The New York Times editorial page recently came to the group's defence. "They are not asserting that black lives are more precious than white lives," they write.
"They are underlining an indisputable fact - that the lives of black citizens in this country historically have not mattered, and have been discounted and devalued."
Deana Rohlinger, a professor of sociology at Florida State University, says some of the tactics that BLM has used - interrupting campaign speeches, shutting down major traffic thoroughfares, using controversial chants - have been used by countless other protest movements dating back to the 1960s, and don't inherently correlate with a desire for lawlessness.
For examples, as a recent article in Vox pointed out, the Kennedy administration once worried that Martin Luther King Jr's famous March on Washington in 1963 would devolve into a "race riot".

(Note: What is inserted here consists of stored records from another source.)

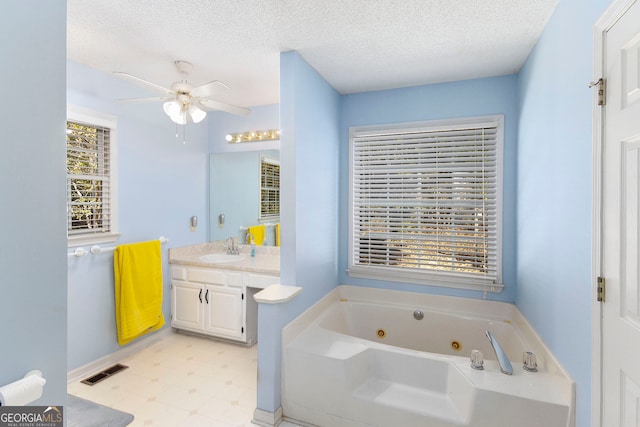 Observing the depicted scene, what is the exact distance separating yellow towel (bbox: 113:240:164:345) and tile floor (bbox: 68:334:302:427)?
0.93ft

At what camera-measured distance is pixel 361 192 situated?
10.3 ft

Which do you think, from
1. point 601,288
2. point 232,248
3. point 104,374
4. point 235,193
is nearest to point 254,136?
point 235,193

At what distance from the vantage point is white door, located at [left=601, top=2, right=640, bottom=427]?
1085 mm

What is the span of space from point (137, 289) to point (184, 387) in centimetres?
104

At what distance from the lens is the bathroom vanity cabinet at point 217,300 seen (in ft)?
10.1

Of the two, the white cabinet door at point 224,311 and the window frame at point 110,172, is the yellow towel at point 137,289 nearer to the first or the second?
the window frame at point 110,172

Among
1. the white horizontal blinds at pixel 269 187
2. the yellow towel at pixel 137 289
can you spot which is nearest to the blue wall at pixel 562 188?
the white horizontal blinds at pixel 269 187

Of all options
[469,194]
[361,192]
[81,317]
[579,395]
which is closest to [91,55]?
[81,317]

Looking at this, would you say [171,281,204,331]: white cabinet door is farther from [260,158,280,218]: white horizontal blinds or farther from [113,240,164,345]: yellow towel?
[260,158,280,218]: white horizontal blinds

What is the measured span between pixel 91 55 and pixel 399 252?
3012mm

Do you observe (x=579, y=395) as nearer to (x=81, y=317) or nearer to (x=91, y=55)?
(x=81, y=317)

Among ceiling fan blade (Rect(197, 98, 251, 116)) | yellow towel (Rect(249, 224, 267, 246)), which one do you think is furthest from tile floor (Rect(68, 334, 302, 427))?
ceiling fan blade (Rect(197, 98, 251, 116))

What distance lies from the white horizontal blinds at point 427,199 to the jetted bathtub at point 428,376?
0.45m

March on Washington 1963Image copyrightGetty Images
"This is a stereotype, that activists are engaged in violence, activists being people who don't want to work...It becomes shorthand way of stereotyping a cause and those who are trying to push it forward," she says. "Historically people without power use disruption. Black Lives Matter is not doing anything differently than other movements have."
Creating what she calls a "false dichotomy" between supporting BLM and supporting police also makes perfect fodder for TV.
"It makes good press. Pundits are having fun, so are some of the politicians," she says. "It really creates this false dichotomy for them. 'Republicans care about the police. We're the ones who care and Black Lives Matter does not,' which is not true but it gets listeners. It rallies troops."
Still, violence and lawlessness has occurred at protests in Ferguson and Baltimore. ("Protests are messy," writes Vox.)
And while the movement has founders - Alicia Garza, Patrisse Cullors and Opal Tometi - and figures of prominence, Black Lives Matter does not have a traditional top-down leadership structure.
David Klinger, a former police officer and professor of criminology at University of Missouri-St. Louis, says that should not absolve Black Lives Matter of culpability when violence does occur at the fringes of the group. He says it is impossible to say with total certainty that those who act violently are not influenced by things they pick up from Black Lives Matter rhetoric, and that those who chanted "pigs in a blanket" could cause real harm.
Campaign zero
"The leadership should immediately disown them and say, 'You are persona non grata,'" he says. "The heated rhetoric that goes over the top, that's where it becomes a problem if you don't have unity of command and sound leadership that can - pardon the pun - police the efforts of their group."
They may not have centralised leadership, but Harold Pollack, a professor at the University of Chicago School of Social Service Administration, said he was very impressed with the recently released demands for action laid out by Campaign Zero, which was founded by prominent activists like Deray Mckesson, Johnetta Elzie and Brittany Packnett, who've participated in many Black Lives Matter events.
The campaign lists 10 potential solutions to police misconduct, such as ending ticketing quotas, requiring body cameras and making police officers'disciplinary histories public. Pollack believes explicitly stated demands like these can help the movement coalesce around concrete goals and avoid being generalised as a "hate group".
"Many elements included were solid policy proposals that could command broad support," says Pollack. "I hope they do more of that. I fear that in the absence of a positive agenda that we're one killing of a police officer away from a very harsh backlash."
For what it's worth, Lecia Brooks, director of outreach for the Southern Poverty Law Center - which designates and tracks hate groups - has no intention of adding Black Lives Matter to their list.
"We're very much concerned about the killing of police officers," she says. "That said, Black Lives Matter is not on our radar."